Dozens of combatants were reported killed in fierce fighting through the night, and doctors treating casualties from Makati said five people were killed and dozens wounded there.The fighting broke out in the country's business capital after Defense Secretary Fidel Ramos ordered government troops to flush out mutineers deployed atop high-rise buildings and around supermarkets and international hotels.

Aquino said earlier she had rejected a cease-fire proposal from rebel leaders trying to depose her and declared, "What they started, I will end."

Speaking in a national radio broadcast, she said, "Our counterattacking forces have conveyed my answer. I reject their proposal."

Rebel units, backed by tanks, also battled for control of the military headquarters at Camp Aguinaldo. Government forces counterattacked with helicopter gunships and F-5 jets to pound their positions.

Aquino, facing the sixth and bloodiest coup attempt against her since she came to power in 1986, said government forces have captured the rebel leader commanding the assault on Camp Aguinaldo, where dozens of combatants were reportedly killed in fierce fighting during the night.

"I am at the palace and I will remain here, even if the rebels say they will pound the palace to dust," the president said. She accused rebel marine units of using civilians as human shields and of sowing terror in the Makati business district where rebel gunfire erupted around three international hotels.

Radio news reports said volleys of mortar and artillery fire echoed from inside the camp and rebel positions outside in the Libis residential district and the Mormon Temple.

"Church officials in Salt Lake City are in frequent contact with our leaders in the Philippines," said Bruce L. Olsen, managing director of public communications for The Church of Jesus Christ of Latter-day Saints. "So far as we have been able to determine, all our missionaries and church personnel are safe. We are concerned about the developments and are watching them closely."

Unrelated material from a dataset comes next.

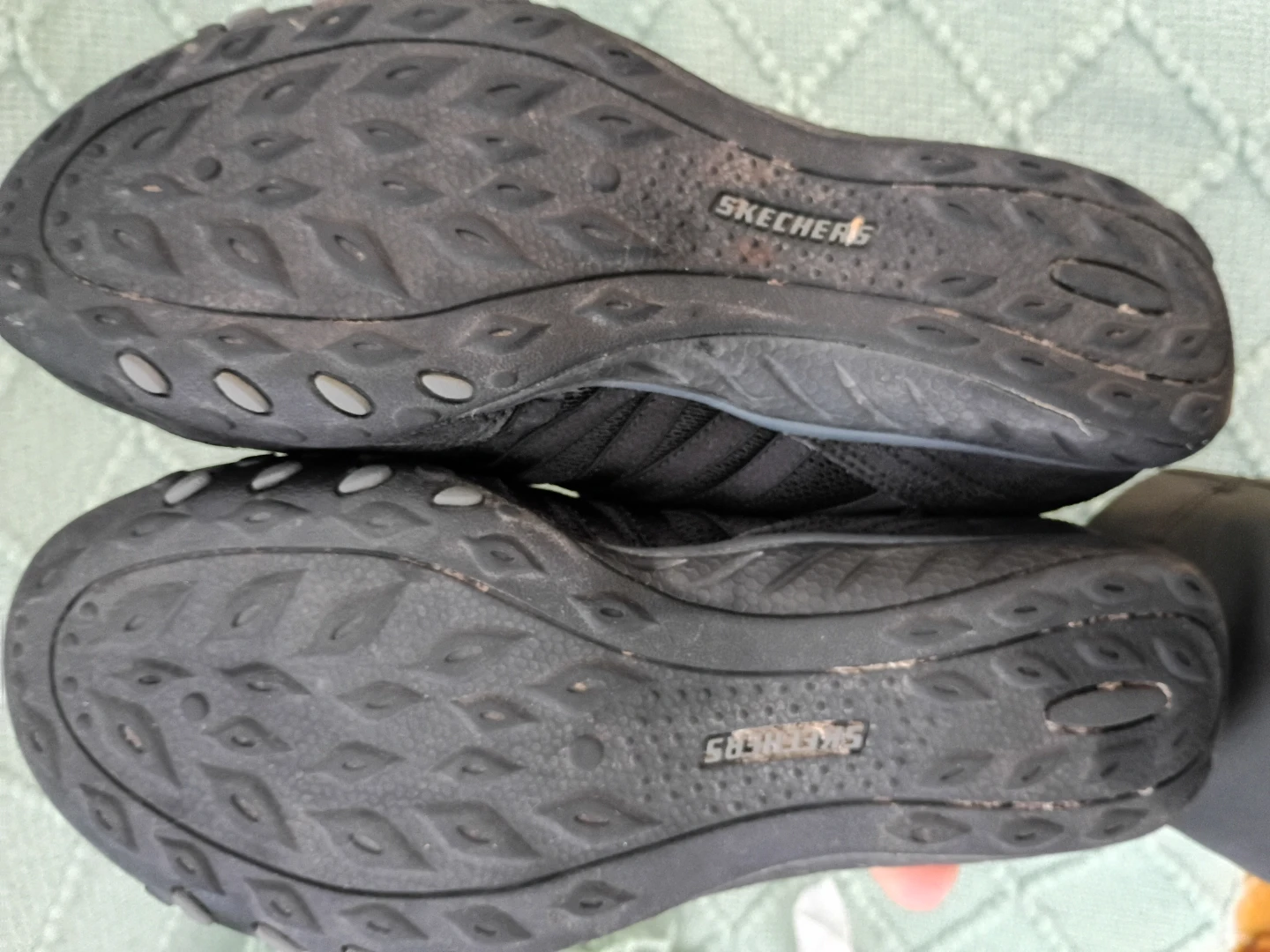 Skechers Relaxed Fit Sneakers Black Size 6.5 - photo 4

The Philippine military said at least 31 rebels were reported killed as government fighter jets and helicopter gunships pounded their positions, knocking out a rebel tank used to smash through the perimeter gate.

Maj. Gen. Ramon Montano, defending the nearby Philippine Constabulary headquarters at Camp Crame, said that pro-Aquino forces suffered 12 dead and more than 100 wounded in the rebel attack on Aguinaldo.

At least 95 people have been killed and more than 250 wounded, many of them civilians, in the three-day coup attempt by army units who accuse Aquino of tolerating corruption, being too soft on communists and mismanaging the government.

"We only waited for daybreak so that we can use our air force and our armored units on the ground," said Aquino, who is facing the most serious attempt yet to oust her.

Aquino attended early morning Mass with her family, and the archbishop of Manila, Cardinal Jaime Sin, appealed to the rebels to surrender. Reporters with Aquino said the 56-year-old president appeared to be in a cheerful mood, bantering with her children.

The mutineers said the homes of Americans in Manila would become targets if U.S. forces joined Aquino troops in attacking rebel positions.

"We have American personalities and residences here at a striking distance, and we can hit them at will . . . if they (U.S. forces) are going to hit us," Maj. Abraham Puruganan said in an interview from a rebel stronghold in Manila's Makati district.